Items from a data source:
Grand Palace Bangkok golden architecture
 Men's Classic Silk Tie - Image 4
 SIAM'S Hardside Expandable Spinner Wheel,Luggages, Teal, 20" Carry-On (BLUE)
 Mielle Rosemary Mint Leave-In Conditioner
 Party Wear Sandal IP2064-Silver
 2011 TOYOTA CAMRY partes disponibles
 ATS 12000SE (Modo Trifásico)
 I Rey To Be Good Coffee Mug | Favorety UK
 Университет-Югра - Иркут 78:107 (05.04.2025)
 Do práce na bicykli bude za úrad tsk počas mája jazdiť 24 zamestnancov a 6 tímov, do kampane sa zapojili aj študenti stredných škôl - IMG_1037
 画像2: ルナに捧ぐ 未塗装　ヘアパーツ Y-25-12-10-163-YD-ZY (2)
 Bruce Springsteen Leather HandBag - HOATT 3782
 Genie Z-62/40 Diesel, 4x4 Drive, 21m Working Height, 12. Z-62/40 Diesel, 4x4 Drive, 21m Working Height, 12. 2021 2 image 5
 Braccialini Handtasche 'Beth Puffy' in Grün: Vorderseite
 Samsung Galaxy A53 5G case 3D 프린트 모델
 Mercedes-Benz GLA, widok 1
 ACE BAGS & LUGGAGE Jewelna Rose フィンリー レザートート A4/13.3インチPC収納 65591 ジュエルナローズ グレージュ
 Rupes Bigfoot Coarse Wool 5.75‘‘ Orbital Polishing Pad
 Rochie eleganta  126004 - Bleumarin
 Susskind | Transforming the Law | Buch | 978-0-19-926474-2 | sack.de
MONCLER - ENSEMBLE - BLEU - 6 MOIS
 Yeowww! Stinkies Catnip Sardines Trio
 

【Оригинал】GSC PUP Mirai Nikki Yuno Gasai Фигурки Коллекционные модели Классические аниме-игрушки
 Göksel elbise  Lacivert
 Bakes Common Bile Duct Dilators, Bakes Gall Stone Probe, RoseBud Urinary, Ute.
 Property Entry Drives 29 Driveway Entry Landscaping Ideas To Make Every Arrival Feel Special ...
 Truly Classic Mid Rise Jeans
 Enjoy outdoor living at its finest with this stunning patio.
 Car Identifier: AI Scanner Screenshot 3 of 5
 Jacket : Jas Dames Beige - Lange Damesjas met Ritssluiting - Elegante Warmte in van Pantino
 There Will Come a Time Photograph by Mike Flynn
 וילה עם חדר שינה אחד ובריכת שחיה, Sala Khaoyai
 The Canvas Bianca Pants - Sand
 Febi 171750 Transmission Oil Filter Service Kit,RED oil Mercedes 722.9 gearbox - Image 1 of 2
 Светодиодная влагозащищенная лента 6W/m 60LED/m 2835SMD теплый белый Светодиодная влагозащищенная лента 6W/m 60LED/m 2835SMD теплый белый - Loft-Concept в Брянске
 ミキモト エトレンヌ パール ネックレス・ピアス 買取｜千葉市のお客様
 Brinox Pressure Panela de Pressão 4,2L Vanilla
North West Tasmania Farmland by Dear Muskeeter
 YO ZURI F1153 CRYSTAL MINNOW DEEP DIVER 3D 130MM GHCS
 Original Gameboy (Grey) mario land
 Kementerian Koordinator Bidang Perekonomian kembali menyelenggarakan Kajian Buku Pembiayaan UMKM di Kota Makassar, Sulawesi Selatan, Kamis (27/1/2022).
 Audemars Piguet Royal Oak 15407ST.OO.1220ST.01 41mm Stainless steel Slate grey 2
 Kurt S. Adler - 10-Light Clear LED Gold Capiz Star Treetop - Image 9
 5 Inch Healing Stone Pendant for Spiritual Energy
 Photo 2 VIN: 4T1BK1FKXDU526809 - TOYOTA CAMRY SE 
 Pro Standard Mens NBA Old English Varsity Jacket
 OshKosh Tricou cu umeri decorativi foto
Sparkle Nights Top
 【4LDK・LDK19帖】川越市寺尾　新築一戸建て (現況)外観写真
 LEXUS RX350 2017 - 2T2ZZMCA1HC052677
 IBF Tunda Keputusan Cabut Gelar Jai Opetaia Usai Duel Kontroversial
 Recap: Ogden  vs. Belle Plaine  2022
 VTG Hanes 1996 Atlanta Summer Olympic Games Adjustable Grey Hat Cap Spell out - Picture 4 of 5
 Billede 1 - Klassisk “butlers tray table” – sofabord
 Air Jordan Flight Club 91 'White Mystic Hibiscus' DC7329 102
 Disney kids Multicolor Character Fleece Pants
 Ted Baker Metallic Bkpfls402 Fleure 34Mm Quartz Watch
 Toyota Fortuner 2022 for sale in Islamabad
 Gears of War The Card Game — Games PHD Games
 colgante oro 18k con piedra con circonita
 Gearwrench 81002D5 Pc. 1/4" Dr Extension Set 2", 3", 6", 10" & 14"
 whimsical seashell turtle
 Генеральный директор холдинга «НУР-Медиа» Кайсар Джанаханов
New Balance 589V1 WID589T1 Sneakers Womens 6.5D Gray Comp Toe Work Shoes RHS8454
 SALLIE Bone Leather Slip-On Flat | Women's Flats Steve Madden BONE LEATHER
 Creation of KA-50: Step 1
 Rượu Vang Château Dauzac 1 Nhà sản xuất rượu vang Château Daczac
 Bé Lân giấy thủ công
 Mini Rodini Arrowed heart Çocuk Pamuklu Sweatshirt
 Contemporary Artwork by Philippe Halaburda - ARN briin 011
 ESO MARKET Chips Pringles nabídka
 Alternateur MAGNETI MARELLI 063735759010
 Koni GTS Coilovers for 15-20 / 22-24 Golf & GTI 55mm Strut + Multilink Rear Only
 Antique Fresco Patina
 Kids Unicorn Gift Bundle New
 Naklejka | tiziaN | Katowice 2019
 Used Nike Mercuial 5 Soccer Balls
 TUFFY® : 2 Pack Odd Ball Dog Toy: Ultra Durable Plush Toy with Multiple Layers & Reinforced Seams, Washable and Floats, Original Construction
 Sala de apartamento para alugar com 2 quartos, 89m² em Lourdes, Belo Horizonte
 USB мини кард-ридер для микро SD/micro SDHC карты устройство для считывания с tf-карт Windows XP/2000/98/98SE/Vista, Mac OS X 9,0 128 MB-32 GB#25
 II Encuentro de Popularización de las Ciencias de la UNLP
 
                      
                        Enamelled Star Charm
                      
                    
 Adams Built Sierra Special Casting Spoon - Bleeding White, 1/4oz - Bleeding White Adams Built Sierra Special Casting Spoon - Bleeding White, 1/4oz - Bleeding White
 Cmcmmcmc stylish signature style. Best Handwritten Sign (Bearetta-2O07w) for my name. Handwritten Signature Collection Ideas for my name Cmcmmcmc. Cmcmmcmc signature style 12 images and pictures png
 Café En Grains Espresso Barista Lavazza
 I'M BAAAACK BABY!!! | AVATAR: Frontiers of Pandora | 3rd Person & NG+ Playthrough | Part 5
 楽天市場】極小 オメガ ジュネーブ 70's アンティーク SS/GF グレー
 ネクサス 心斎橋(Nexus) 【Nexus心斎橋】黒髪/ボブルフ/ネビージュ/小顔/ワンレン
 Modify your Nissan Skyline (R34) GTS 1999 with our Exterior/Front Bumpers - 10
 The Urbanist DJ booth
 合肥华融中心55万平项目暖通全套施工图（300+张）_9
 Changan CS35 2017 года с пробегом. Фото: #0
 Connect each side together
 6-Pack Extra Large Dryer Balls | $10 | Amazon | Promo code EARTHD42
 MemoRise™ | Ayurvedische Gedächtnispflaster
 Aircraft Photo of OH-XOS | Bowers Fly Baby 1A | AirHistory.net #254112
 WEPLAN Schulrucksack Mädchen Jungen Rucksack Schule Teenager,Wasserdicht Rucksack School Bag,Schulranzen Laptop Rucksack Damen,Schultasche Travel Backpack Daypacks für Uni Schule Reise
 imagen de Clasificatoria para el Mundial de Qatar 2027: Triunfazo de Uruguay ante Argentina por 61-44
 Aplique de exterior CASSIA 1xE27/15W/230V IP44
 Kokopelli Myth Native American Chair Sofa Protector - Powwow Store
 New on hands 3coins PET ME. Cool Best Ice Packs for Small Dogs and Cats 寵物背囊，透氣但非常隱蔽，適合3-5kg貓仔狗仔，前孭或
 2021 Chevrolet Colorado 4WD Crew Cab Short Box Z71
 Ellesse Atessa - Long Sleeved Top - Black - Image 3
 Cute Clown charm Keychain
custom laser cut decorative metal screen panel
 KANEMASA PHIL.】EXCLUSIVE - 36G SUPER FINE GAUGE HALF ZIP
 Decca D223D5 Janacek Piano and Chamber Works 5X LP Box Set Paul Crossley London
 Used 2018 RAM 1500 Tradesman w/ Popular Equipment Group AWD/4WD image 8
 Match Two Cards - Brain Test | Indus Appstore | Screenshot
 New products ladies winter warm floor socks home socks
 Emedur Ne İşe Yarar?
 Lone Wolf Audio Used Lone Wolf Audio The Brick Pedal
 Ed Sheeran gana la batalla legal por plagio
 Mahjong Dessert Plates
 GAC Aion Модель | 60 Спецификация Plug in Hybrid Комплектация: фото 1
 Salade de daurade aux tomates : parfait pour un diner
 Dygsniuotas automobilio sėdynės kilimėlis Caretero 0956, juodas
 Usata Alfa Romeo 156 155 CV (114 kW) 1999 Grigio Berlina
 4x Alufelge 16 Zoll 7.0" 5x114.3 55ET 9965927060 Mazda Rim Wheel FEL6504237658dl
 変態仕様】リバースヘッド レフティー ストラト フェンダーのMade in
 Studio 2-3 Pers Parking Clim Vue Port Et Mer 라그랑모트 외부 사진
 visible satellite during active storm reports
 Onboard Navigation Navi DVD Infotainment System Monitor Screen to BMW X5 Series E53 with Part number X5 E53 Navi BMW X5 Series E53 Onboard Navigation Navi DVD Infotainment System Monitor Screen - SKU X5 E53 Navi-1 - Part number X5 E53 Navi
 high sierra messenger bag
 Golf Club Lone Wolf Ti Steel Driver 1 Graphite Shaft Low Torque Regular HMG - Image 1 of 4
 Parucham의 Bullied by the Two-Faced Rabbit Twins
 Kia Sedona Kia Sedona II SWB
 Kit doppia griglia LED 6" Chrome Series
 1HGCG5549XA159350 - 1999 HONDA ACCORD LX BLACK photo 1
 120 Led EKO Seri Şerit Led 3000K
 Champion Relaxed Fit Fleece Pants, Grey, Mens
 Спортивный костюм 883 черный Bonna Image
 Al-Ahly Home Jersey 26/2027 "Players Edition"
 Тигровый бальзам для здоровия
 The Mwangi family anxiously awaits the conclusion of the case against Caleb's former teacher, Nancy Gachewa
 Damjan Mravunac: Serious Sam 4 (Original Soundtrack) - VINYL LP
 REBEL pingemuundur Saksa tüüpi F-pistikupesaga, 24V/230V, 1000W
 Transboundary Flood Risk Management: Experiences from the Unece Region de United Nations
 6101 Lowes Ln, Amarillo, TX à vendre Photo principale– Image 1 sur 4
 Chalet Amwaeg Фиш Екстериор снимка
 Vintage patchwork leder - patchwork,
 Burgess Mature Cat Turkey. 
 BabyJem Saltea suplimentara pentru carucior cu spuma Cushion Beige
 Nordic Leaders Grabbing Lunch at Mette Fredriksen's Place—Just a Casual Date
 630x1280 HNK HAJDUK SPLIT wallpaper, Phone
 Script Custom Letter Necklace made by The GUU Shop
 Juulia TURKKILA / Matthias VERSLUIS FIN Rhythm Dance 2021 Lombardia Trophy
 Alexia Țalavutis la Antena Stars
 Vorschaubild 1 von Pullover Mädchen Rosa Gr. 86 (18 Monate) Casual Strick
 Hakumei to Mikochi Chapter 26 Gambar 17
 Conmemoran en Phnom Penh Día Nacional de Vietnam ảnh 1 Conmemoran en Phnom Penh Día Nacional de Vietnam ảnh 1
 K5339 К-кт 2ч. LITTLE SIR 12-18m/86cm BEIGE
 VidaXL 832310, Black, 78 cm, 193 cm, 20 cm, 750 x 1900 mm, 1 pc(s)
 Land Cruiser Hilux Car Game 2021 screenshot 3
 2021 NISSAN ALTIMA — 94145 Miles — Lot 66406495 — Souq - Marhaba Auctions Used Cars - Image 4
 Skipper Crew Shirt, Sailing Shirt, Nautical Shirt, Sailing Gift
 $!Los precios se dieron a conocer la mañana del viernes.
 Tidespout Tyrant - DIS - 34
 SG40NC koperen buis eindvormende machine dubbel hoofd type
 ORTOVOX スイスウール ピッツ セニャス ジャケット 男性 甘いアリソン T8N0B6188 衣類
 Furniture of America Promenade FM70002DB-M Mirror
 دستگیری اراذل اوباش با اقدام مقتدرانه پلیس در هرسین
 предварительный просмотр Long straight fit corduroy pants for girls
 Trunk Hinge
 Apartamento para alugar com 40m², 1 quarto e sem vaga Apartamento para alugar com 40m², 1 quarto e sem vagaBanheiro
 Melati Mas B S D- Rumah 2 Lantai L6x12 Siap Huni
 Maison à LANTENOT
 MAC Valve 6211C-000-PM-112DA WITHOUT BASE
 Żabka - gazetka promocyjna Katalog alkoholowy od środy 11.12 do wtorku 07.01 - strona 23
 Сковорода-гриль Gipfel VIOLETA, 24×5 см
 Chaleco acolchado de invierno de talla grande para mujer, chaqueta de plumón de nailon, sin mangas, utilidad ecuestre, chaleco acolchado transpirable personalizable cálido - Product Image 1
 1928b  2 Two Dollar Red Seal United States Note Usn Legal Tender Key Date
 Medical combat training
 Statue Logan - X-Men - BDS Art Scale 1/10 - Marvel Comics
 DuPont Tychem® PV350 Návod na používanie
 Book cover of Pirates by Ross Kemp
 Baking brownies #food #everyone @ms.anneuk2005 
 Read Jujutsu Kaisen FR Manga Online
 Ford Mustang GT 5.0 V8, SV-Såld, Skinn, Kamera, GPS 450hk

## WHAT THE EXERCISE ASKS
Which lines run from the one holding "custom laser cut" through the one holding "visible satellite during" in the records above? Repeat them exactly, both included, and nothing more.

## EXERCISE RESULT
custom laser cut decorative metal screen panel
 KANEMASA PHIL.】EXCLUSIVE - 36G SUPER FINE GAUGE HALF ZIP
 Decca D223D5 Janacek Piano and Chamber Works 5X LP Box Set Paul Crossley London
 Used 2018 RAM 1500 Tradesman w/ Popular Equipment Group AWD/4WD image 8
 Match Two Cards - Brain Test | Indus Appstore | Screenshot
 New products ladies winter warm floor socks home socks
 Emedur Ne İşe Yarar?
 Lone Wolf Audio Used Lone Wolf Audio The Brick Pedal
 Ed Sheeran gana la batalla legal por plagio
 Mahjong Dessert Plates
 GAC Aion Модель | 60 Спецификация Plug in Hybrid Комплектация: фото 1
 Salade de daurade aux tomates : parfait pour un diner
 Dygsniuotas automobilio sėdynės kilimėlis Caretero 0956, juodas
 Usata Alfa Romeo 156 155 CV (114 kW) 1999 Grigio Berlina
 4x Alufelge 16 Zoll 7.0" 5x114.3 55ET 9965927060 Mazda Rim Wheel FEL6504237658dl
 変態仕様】リバースヘッド レフティー ストラト フェンダーのMade in
 Studio 2-3 Pers Parking Clim Vue Port Et Mer 라그랑모트 외부 사진
 visible satellite during active storm reports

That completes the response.